Task input:
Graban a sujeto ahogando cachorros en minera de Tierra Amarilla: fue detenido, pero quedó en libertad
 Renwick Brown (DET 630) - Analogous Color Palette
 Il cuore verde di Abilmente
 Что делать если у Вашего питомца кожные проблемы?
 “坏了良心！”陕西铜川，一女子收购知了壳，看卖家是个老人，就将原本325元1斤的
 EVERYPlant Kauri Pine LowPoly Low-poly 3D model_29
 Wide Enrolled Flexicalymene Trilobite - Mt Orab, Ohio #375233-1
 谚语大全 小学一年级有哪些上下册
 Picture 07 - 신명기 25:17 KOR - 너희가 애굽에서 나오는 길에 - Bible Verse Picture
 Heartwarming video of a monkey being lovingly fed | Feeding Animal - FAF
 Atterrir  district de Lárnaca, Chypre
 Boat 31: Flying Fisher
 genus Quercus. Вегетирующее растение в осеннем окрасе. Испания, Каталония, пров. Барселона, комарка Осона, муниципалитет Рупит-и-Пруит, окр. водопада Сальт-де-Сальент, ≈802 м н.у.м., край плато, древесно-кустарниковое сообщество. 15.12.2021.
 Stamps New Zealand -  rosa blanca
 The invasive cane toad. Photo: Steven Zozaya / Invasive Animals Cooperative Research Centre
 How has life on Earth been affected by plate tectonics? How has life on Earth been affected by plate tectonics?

Required action:
Reproduce, word for word, the lines of the data from the one that contains "Что делать если" to the end, both ends included.

Written response:
 Что делать если у Вашего питомца кожные проблемы?
 “坏了良心！”陕西铜川，一女子收购知了壳，看卖家是个老人，就将原本325元1斤的
 EVERYPlant Kauri Pine LowPoly Low-poly 3D model_29
 Wide Enrolled Flexicalymene Trilobite - Mt Orab, Ohio #375233-1
 谚语大全 小学一年级有哪些上下册
 Picture 07 - 신명기 25:17 KOR - 너희가 애굽에서 나오는 길에 - Bible Verse Picture
 Heartwarming video of a monkey being lovingly fed | Feeding Animal - FAF
 Atterrir  district de Lárnaca, Chypre
 Boat 31: Flying Fisher
 genus Quercus. Вегетирующее растение в осеннем окрасе. Испания, Каталония, пров. Барселона, комарка Осона, муниципалитет Рупит-и-Пруит, окр. водопада Сальт-де-Сальент, ≈802 м н.у.м., край плато, древесно-кустарниковое сообщество. 15.12.2021.
 Stamps New Zealand -  rosa blanca
 The invasive cane toad. Photo: Steven Zozaya / Invasive Animals Cooperative Research Centre
 How has life on Earth been affected by plate tectonics? How has life on Earth been affected by plate tectonics?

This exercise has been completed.